The evening commotion at the corner of Angwa Street and Robert Mugabe Avenue was different. It was not the excited rush of people returning home after a day of work, expending every last bit of energy left to shuffle along what is now a very narrow pavement because of the vending stalls lined with Valentine’s Day gifts and cards. The hwindi who was touting the kombi to Mabvuku held the door slightly open, enough for you to see that “Two vasara vabereki!” actually means five. There are no laws against misrepresenting the number of passengers in your bus if it means that you’ll attract more.
Convenience of pirate taxis
There are laws that govern where a kombi can and can’t pick passengers up and this particular pick up point is illegal. But there are hundreds of them across the country. Kombis are convenient, that’s why we catch them. The whole point is that you don’t want to have to walk all the way to the rank to board one. You want to be able to stand on any street and hitch a ride to where you’re going – no drama, no fuss.
Two months into using this particular kombi route to go home, I’ve learned to choose my seat wisely – always sit on the second or third row, never the first. Unless you want to endure having your knees crushed and your fundamental right to dignity violated by passengers who occupy “paKadoma“. Even the dreaded backseat is better than paKadoma.
PaKadoma – no relation to the city – is the gap between the driver’s seat and the first row of passenger seats. A kombi trip from town will cost you US$1, but if you’re willing to sit on Kadoma you pay half price. If you’re not smart and you rush to the first row, you’ll spend the better part of your trip either sitting with a stranger’s leg nestled threateningly close to your groin or with your knees painfully pressed against each other.
Evading the police
So I chose the second row and just as I sat down I saw a policeman with a baton in hand rushing towards my window. He tapped on it and tried the door which had just been locked by the hwindi. The driver shouted for the people in the backseat to close their window and they managed to close it shut just before the policeman tried to stick his baton in. He hit every side of the kombi hard before trying the back door, all the while the driver and hwindi shouted, “Heeeh! Iwe! Unopenga here?” It was terrifyingly exciting. I felt like I was caught in a scene in one of those Nigerian movies that we were once so obsessed about.

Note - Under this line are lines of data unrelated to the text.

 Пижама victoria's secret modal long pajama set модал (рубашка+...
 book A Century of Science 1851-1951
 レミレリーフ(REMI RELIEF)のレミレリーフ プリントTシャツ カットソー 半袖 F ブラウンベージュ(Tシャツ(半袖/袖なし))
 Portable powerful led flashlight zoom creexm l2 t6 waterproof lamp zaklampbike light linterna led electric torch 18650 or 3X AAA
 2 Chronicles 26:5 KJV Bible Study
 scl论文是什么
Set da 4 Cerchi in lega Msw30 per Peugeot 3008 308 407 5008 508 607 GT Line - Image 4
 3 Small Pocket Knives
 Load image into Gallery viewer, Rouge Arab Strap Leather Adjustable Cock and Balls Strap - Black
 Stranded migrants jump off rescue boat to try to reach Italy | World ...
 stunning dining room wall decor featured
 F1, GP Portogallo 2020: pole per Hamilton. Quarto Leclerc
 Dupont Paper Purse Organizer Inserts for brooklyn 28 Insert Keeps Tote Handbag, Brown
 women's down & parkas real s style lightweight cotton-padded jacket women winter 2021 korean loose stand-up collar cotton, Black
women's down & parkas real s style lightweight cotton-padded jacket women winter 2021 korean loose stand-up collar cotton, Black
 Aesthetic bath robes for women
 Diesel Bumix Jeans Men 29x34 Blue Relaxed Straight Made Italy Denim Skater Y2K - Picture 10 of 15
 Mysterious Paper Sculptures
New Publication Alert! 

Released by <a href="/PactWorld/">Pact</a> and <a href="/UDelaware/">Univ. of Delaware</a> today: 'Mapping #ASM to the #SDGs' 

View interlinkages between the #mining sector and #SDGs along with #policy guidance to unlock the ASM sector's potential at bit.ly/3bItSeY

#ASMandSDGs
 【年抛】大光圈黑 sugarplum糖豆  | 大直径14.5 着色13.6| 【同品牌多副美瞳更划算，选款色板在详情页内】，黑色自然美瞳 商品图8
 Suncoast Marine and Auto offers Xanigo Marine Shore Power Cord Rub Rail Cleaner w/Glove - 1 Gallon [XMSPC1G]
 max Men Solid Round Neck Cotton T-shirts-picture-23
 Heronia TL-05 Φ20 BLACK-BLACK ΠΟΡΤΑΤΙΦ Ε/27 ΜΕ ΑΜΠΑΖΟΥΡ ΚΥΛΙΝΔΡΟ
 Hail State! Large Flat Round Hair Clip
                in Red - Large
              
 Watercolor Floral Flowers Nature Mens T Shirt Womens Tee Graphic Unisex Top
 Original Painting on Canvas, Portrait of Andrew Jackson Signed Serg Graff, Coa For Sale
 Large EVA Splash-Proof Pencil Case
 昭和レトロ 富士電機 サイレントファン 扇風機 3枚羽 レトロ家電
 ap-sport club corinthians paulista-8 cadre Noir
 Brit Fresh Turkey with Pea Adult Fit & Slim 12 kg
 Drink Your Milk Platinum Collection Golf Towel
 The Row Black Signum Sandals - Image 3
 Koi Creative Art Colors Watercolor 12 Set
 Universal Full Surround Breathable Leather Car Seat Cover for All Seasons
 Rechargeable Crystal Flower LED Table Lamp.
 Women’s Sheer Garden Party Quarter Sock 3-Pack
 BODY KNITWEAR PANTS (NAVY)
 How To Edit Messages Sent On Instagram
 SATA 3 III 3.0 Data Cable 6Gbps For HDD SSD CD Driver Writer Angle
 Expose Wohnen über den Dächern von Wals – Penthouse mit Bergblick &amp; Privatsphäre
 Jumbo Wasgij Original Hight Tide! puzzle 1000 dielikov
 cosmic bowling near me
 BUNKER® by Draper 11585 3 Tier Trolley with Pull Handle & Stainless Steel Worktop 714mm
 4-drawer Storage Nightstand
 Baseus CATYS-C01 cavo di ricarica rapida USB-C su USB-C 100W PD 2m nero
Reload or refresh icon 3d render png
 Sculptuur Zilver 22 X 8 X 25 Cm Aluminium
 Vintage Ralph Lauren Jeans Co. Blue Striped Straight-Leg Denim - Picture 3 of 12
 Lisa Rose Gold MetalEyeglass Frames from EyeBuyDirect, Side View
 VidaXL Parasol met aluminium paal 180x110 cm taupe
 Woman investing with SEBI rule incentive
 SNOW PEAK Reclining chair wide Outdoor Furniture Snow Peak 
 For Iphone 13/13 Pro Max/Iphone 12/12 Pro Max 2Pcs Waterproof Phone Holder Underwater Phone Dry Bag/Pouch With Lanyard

While all of this was happening a bizarre scene was unfolding just in front of us. A policeman had managed to open the door by jumping in through the kombi window. He swung his baton wildly as the driver tried and failed to get into gear and drive off. “Dzikayi vabereki!” he ordered and the passengers streamed out, looking bewildered. Our kombi had been spared so we drove off, picking passengers up along the way. By the time we drove past the Fourth Street rank we were full.
Role of the police
This scene has been repeated over and over again for several weeks now. One of those times I was amongst the passengers who had to disembark and make another plan. The whole thing raises many questions, the most important one being: What are the police trying to achieve and are they succeeding in achieving it? The law exists to bring order and the police exist to enforce the law. They have been empowered to do this. A second issue: How should this power be exercised?
There are no simple answers. But the hundreds of weary faces lining the streets after hours tell a story. One thing is for sure, the added inconvenience of the kombi wars are making what is already a difficult existence even tougher for the poor and powerless.